You can always tell the new interns at Claas each year as you see them in their new golfs with twin beacons on the A14 IN FRONT of the demo combine they are escorting. Always makes me chuckle. Nearly as much as when father in some cases grandfather decides to escort combine. He drives the old red hilux about 10 feet ahead with hazards on and arm out of window waving.....
 

Robt

Member
Location
Suffolk
Tractor and header on trailer in front, 4ft sign on weight frame saying Wide Vehicle Following, lights on, flashing beacon; and drivers still seem genuinely surprised to encounter the combine following a few 100 yds behind it.
You can only do your best, and be legal. Blocking the road with the escort seems to be akin to setting a slalom challenge for some of the idiots. HGV drivers tend to be no trouble at all.
you have to think like joe public. How do they know that your tractor and header isnt the wide load? after all you have wide load board and lots of lights..
 

PSQ

Member
Arable Farmer
You learn to lip read when you escort loads.
That 10% of drivers that look at your 'wide vehicle' sign and lights on the pickup, shake their heads at your 'defensive driving' but don't slow down. By the time they're almost level with my bonnet they usually spot the behemoth coming round the corner and mouth the words "Ohhhh F......!!!", as they stand on the brakes.
We've read the transport regulations and are fully compliant with licensed radios etc, but even with this being a rural area there are plenty of drivers completely oblivious to the threat in front of them. 'Common sense' is clearly far from common.
 
If you are escorting on a back road why would you be hundreds of yards in front of the vehicle you are escorting?

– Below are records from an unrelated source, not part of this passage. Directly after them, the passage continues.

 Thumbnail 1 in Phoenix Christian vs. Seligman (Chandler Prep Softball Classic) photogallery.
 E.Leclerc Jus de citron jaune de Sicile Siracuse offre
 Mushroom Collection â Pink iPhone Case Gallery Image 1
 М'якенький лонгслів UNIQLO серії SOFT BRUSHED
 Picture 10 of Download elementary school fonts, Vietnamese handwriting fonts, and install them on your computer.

I'd be ahead of it but still well in vision distance. You won't stop heros going by at 70mph who ignore wide load signs but you have done all you can.

Tractor and header on behind better on dual carriageway but pick up would be equally good.

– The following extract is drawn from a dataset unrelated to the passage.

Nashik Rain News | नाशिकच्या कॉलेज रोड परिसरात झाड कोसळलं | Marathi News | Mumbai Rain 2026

I was always told the escorting vehicle should not be itself towing anything.
 

Robt

Member
Location
Suffolk
If you are escorting on a back road why would you be hundreds of yards in front of the vehicle you are escorting? I'd be ahead of it but still well in vision distance. You won't stop heros going by at 70mph who ignore wide load signs but you have done all you can.

Tractor and header on behind better on dual carriageway but pick up would be equally good.

I was always told the escorting vehicle should not be itself towing anything.
you were told correct Ollie!
 

BBC

Member
Location
Gloucestershire
Combine escort is my job.
When you know there is a narrow strech of road or bad bend I get well ahead and block the road to on coming traffic, much safer than them meeting in the wrong place (although many fail to understand initially) . The other main job is to watch the combine through narrow gaps past parked cars etc or to knock on doors to get cars moved if needed.

I wish it had been you escorting two big tracked Lexions, their cutterbars and a chaser bin that I came across about two miles up a narrow, high hedged single track road in deepest, darkest Cornwall a few weeks ago.

Would have struggled to find somewhere to have got two cars to pass each other let alone that lot. If only someone had gone on ahead and blocked it off! Ended up reversing about a mile before I could find a big enough gateway so they could get past, and even then the tracks were only inches from my door. Didn’t envy them having to move that lot around those roads, would be a nightmare in the height of summer.
 

wuddy

Member
Location
Scottish Borders
Tractor and header on trailer in front, 4ft sign on weight frame saying Wide Vehicle Following, lights on, flashing beacon; and drivers still seem genuinely surprised to encounter the combine following a few 100 yds behind it.
You can only do your best, and be legal. Blocking the road with the escort seems to be akin to setting a slalom challenge for some of the idiots. HGV drivers tend to be no trouble at all.
I seem to remember reading somewhere that the escort vehicle should not be towing!